5.4 · Feature engineering: ratios and binnings
Compute ratios between numerical columns that physically belong together (e.g. balance / income). Bin continuous variables into deciles for tree models — sometimes helps. Treat each engineered feature as a hypothesis and validate via CV gain.
5.5 · Write the analysis up clearly
The final parts often ask "why did X help?" with a 50–100 word answer. Practise writing such explanations on every modelling choice as you make it. Graders reward the model + explanation bundle.
6. Submission format & gotchas
- Each part posted into its forum thread. Include code + output in fenced blocks.

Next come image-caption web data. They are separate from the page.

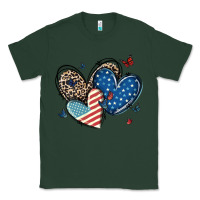 Sports Green american flag leopard hearts Classic Tee - MaliasSmallBusiness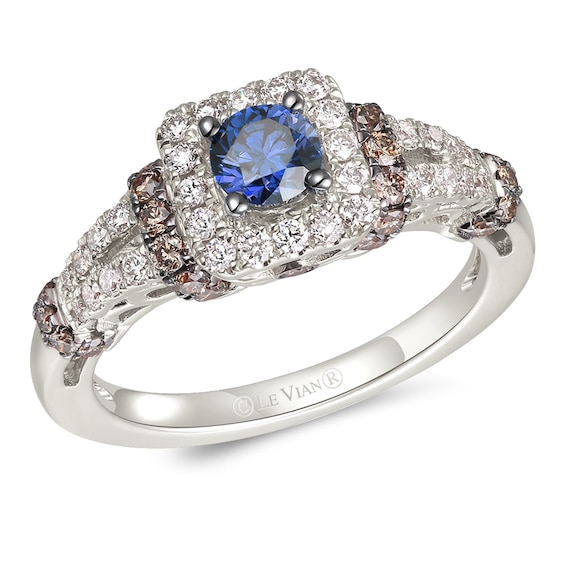 Le Vian 14ct White Gold 0.60ct Diamond and Sapphire Halo Ring
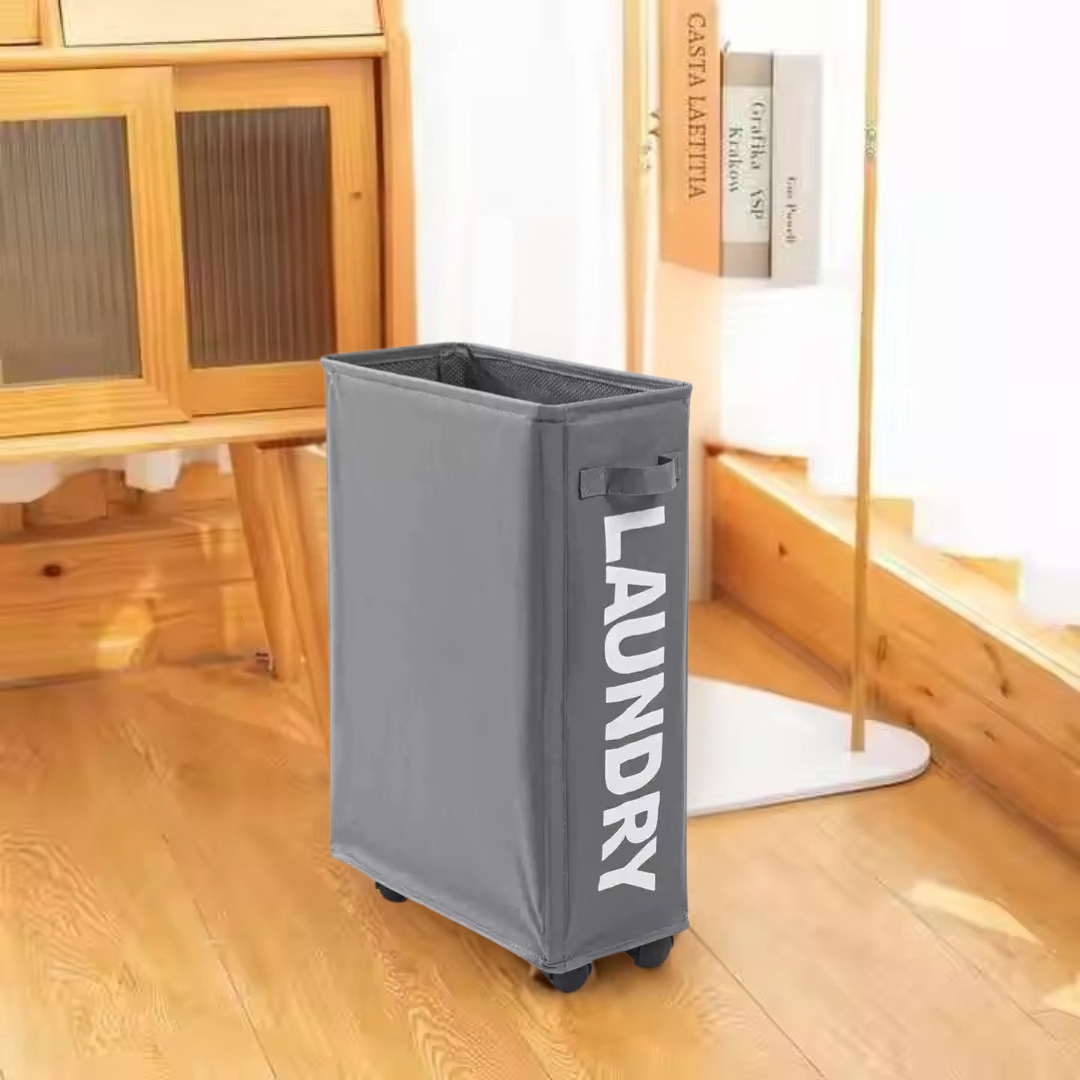 Кошик для білизни зі знімним мішком-сіткою складаний на колесах Сірий - фото 2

- For prose answers, write in plain English; the graders are humans.
- Use
random_state=0(or whatever the problem specifies) so the grader can reproduce your numbers. - Don't import seaborn unless asked — keep the dependency list as the problem hands you.
7. What top solutions did
Forum solutions for P3 with full marks consistently: (1) report shape, dtypes, missing-value counts cleanly; (2) plot the target distribution; (3) build a Pipeline + ColumnTransformer so preprocessing is honest; (4) use HistGradientBoosting with stratified CV; (5) write one paragraph per modelling choice. No exotic models needed. [illustrative]
8. Drill
D · Your CV macro-F1 is 0.98 on a dataset that "should be hard". What do you check first?
Target leakage. Compute single-feature CV macro-F1 for every column. If one column alone scores > 0.9, it's leaked information about the target — drop it and re-CV. Other common leaks: using future-timestamped features for past-timestamped rows; using row id as a feature when ids are time-correlated. Always sanity-check by reading column meanings before modelling.
D2 · ColumnTransformer vs a manual preprocessing block — why prefer ColumnTransformer?
Because ColumnTransformer composes into a single Pipeline whose .fit() only sees
train data. With a manual block, it's easy to compute df.mean() on the full DataFrame
(test included) and silently leak. Pipelines force the right separation. The cost is one extra
line of code; the benefit is honest CV scores.